• [What to do]: Without including any pictures, reproduce the full listing exactly.

---------- Records shown

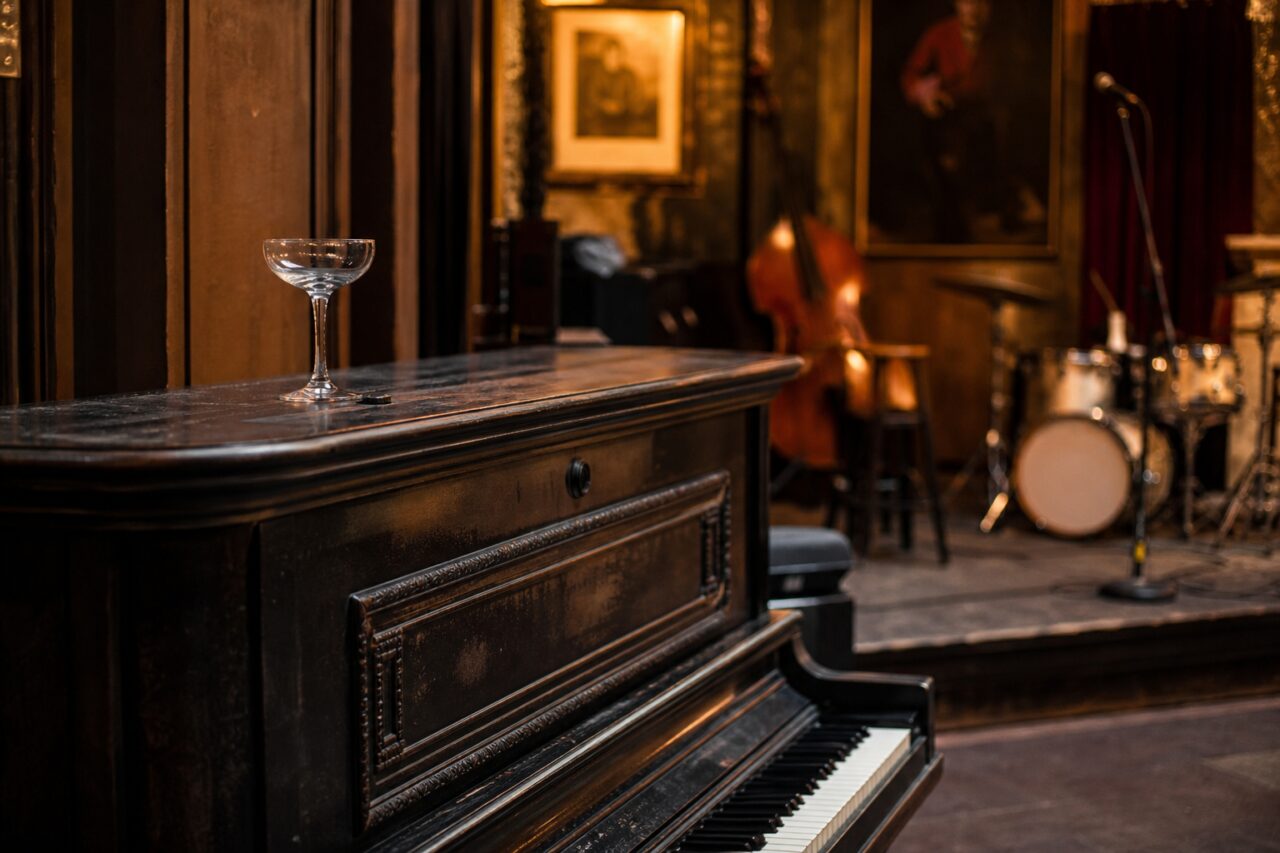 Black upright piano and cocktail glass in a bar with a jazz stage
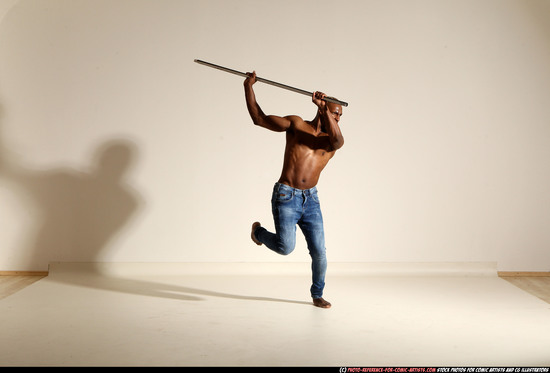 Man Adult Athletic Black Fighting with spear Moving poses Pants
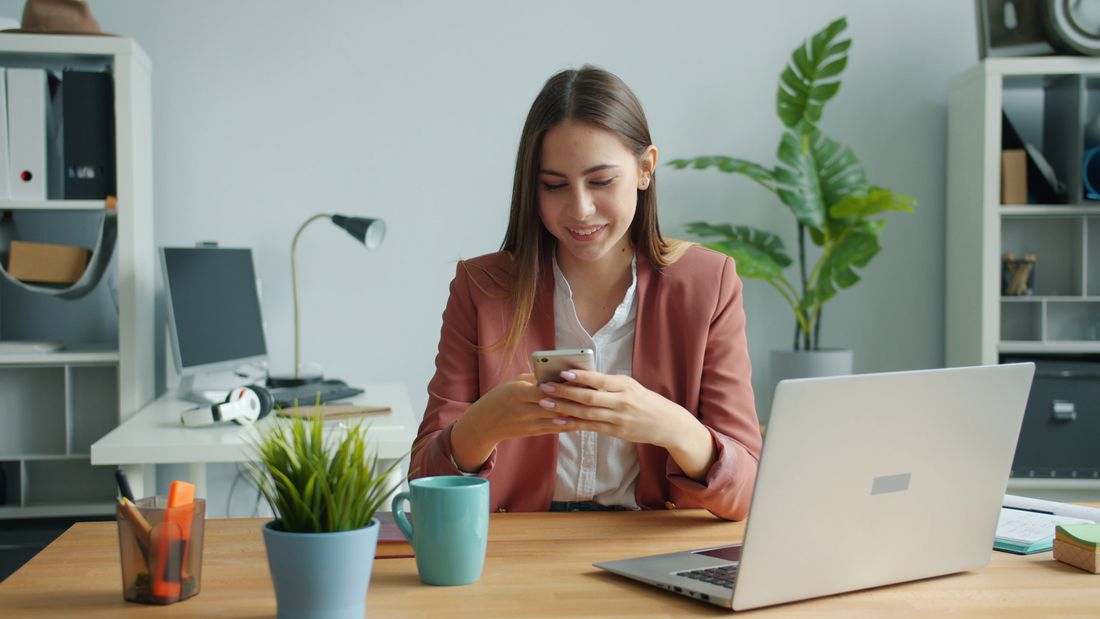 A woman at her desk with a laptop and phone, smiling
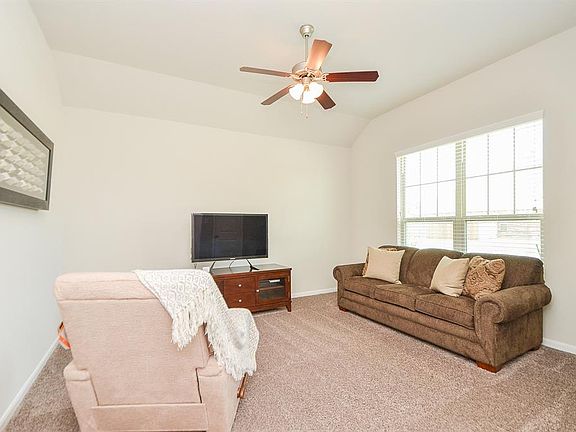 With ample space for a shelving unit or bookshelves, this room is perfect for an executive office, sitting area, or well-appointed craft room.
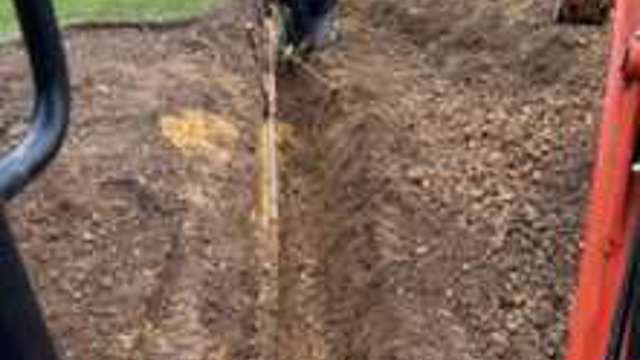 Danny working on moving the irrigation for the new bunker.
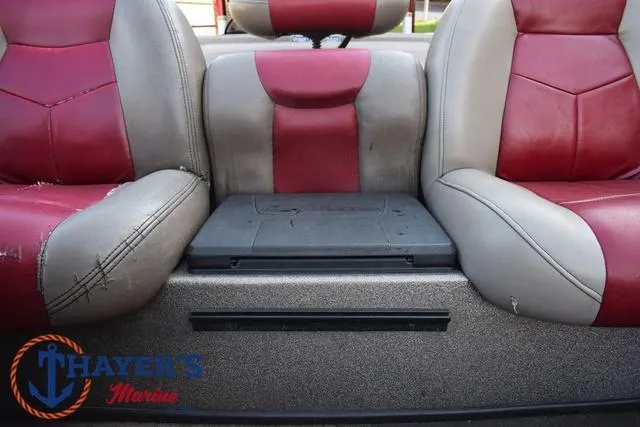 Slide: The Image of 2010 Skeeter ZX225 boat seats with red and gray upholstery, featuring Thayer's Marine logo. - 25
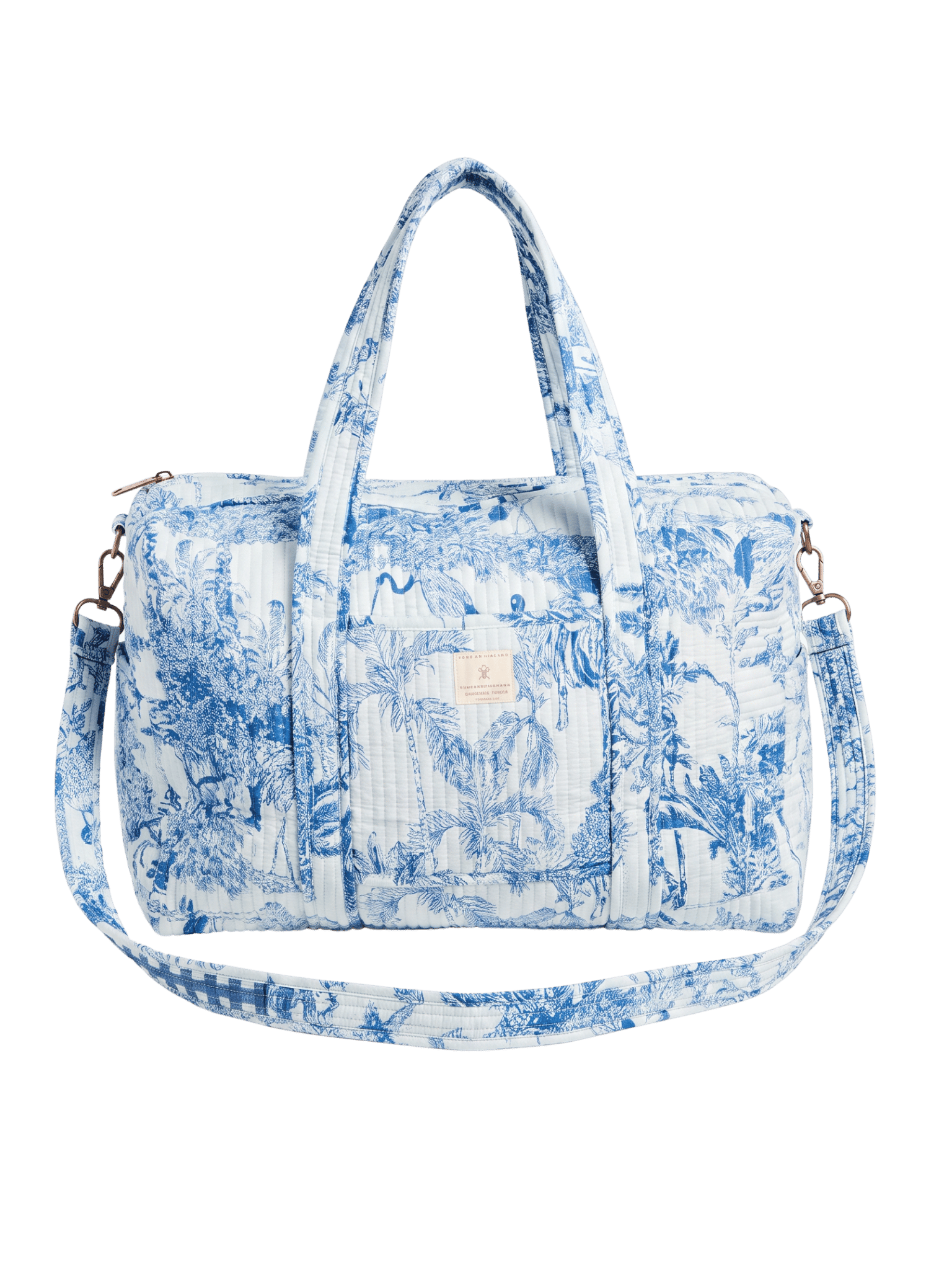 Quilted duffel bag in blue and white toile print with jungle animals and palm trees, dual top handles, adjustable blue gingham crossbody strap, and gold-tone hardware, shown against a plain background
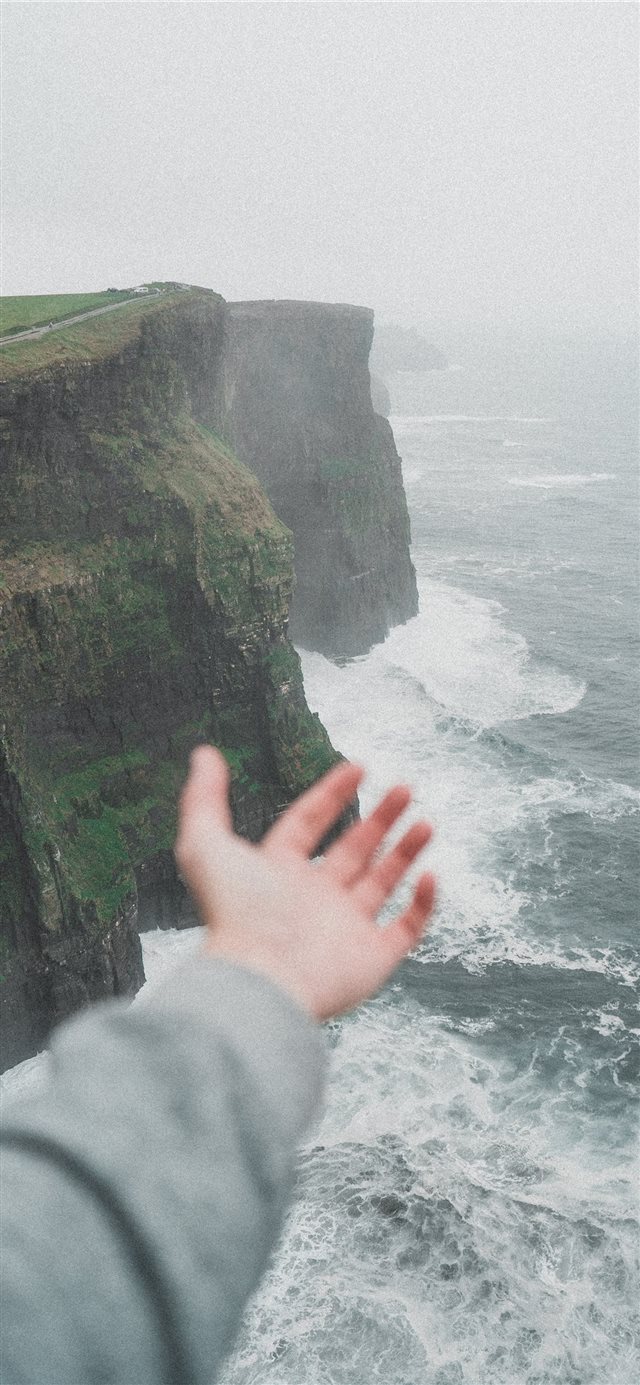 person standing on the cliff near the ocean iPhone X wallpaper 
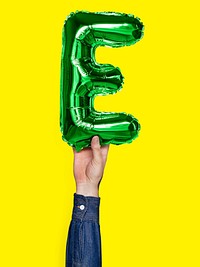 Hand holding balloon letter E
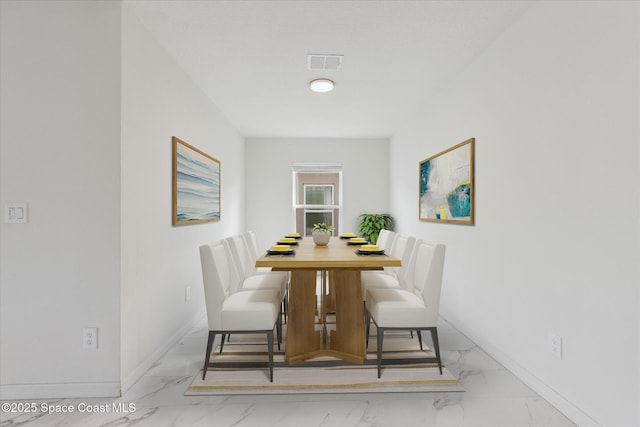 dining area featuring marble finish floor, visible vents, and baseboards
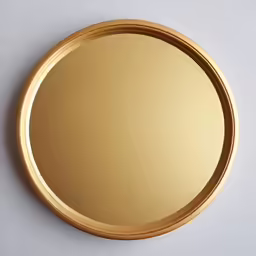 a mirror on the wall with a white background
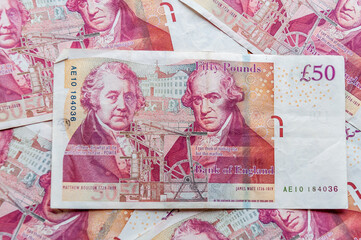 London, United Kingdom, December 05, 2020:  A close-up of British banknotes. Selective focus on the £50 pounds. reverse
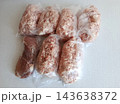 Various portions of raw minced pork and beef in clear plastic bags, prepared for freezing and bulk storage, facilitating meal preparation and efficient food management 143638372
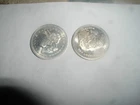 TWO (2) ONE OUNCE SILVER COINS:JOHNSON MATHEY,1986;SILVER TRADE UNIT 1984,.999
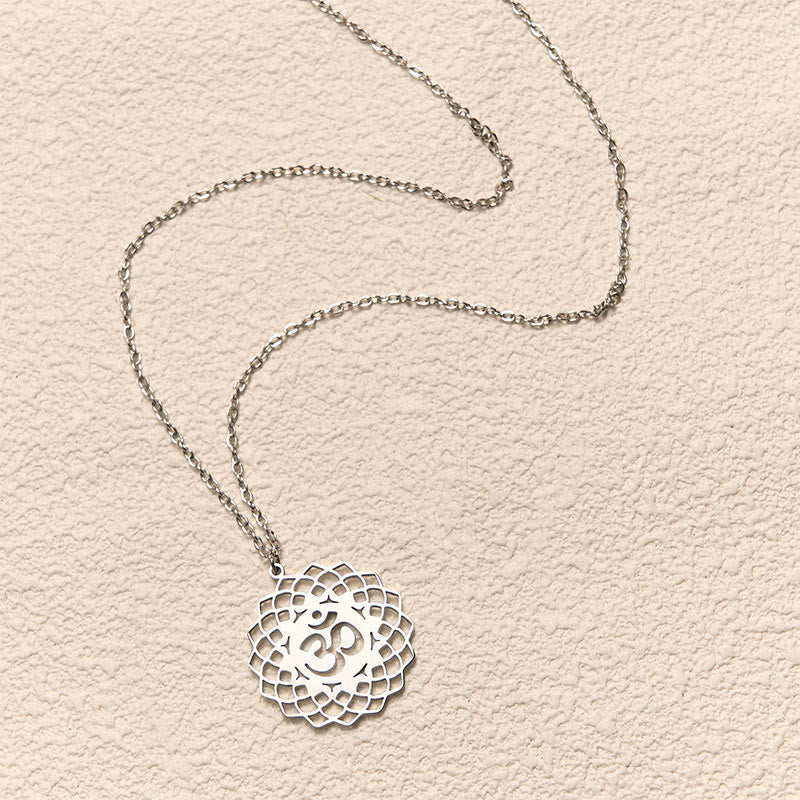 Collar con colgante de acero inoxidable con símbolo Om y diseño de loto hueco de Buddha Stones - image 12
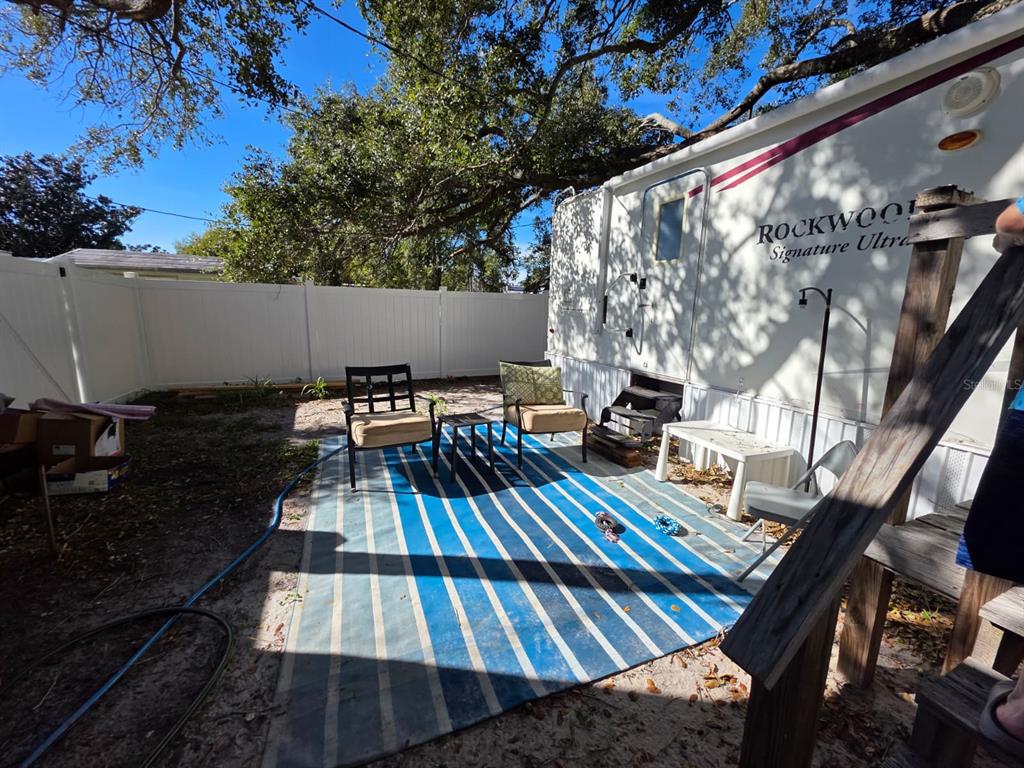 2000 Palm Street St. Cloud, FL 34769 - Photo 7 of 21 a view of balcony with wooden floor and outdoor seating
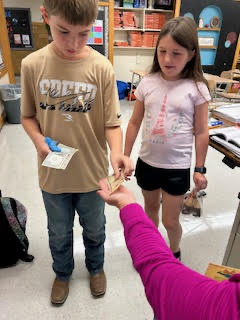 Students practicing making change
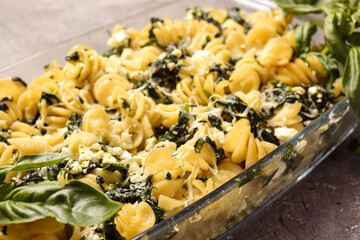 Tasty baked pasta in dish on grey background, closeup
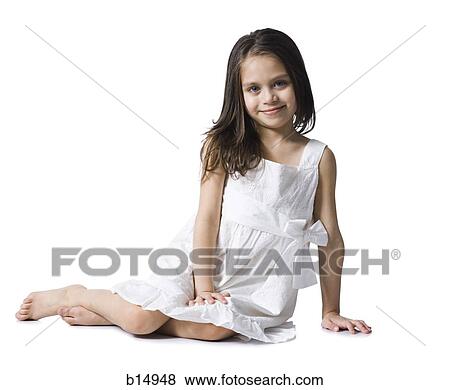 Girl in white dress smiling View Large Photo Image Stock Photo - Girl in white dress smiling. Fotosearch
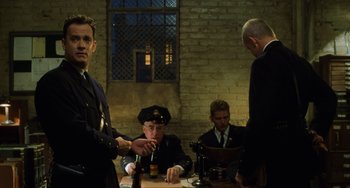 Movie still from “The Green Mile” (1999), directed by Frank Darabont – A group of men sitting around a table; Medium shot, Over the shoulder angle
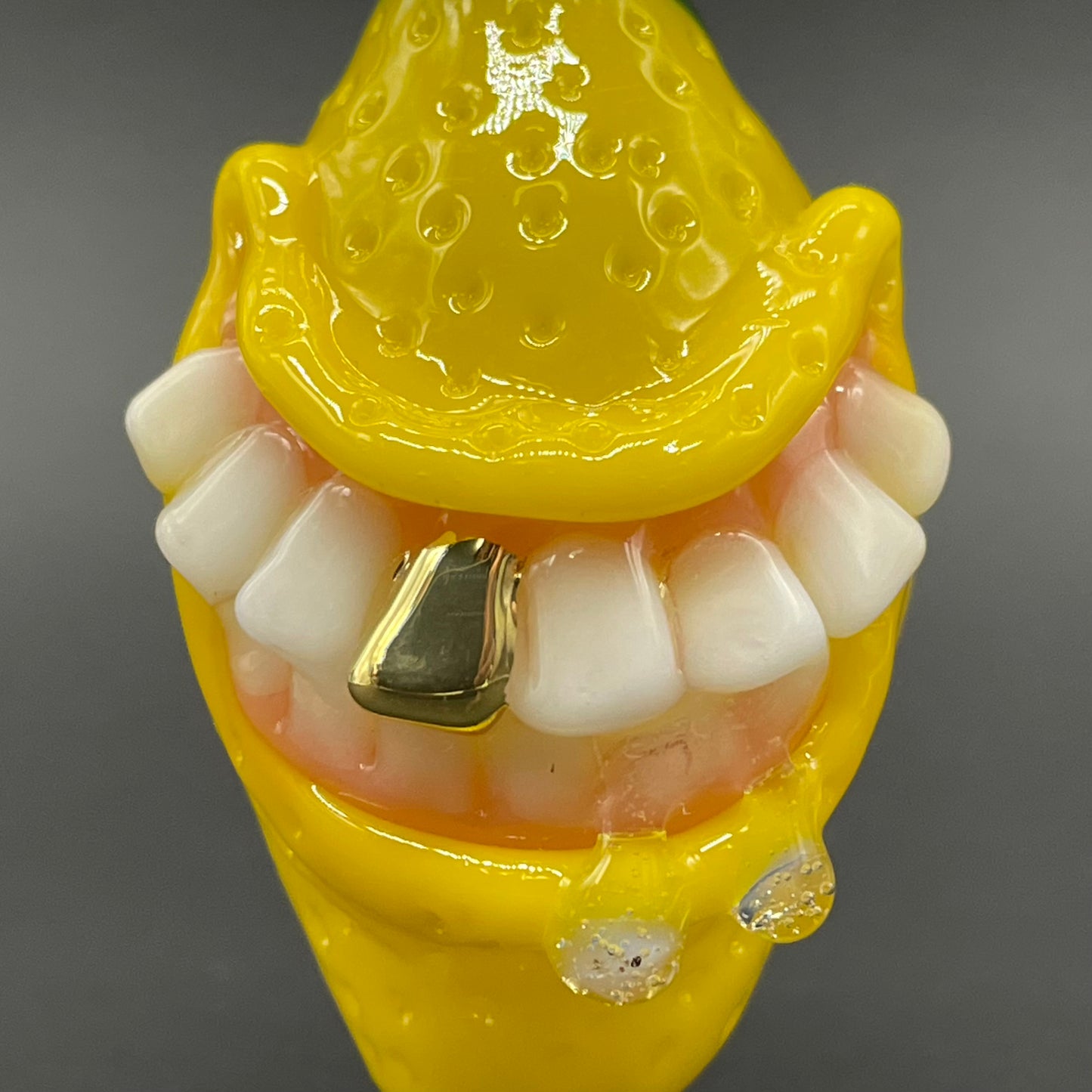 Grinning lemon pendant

--------------------

• [Answer box]:
 Black upright piano and cocktail glass in a bar with a jazz stage
 Man Adult Athletic Black Fighting with spear Moving poses Pants
 A woman at her desk with a laptop and phone, smiling
 With ample space for a shelving unit or bookshelves, this room is perfect for an executive office, sitting area, or well-appointed craft room.
 Danny working on moving the irrigation for the new bunker.
 Slide: The Image of 2010 Skeeter ZX225 boat seats with red and gray upholstery, featuring Thayer's Marine logo. - 25
 Quilted duffel bag in blue and white toile print with jungle animals and palm trees, dual top handles, adjustable blue gingham crossbody strap, and gold-tone hardware, shown against a plain background
 person standing on the cliff near the ocean iPhone X wallpaper 
 Hand holding balloon letter E
 dining area featuring marble finish floor, visible vents, and baseboards
 a mirror on the wall with a white background
 London, United Kingdom, December 05, 2020:  A close-up of British banknotes. Selective focus on the £50 pounds. reverse
 Various portions of raw minced pork and beef in clear plastic bags, prepared for freezing and bulk storage, facilitating meal preparation and efficient food management 143638372
 TWO (2) ONE OUNCE SILVER COINS:JOHNSON MATHEY,1986;SILVER TRADE UNIT 1984,.999
 Collar con colgante de acero inoxidable con símbolo Om y diseño de loto hueco de Buddha Stones - image 12
 2000 Palm Street St. Cloud, FL 34769 - Photo 7 of 21 a view of balcony with wooden floor and outdoor seating
 Students practicing making change
 Tasty baked pasta in dish on grey background, closeup
 Girl in white dress smiling View Large Photo Image Stock Photo - Girl in white dress smiling. Fotosearch
 Movie still from “The Green Mile” (1999), directed by Frank Darabont – A group of men sitting around a table; Medium shot, Over the shoulder angle
 Grinning lemon pendant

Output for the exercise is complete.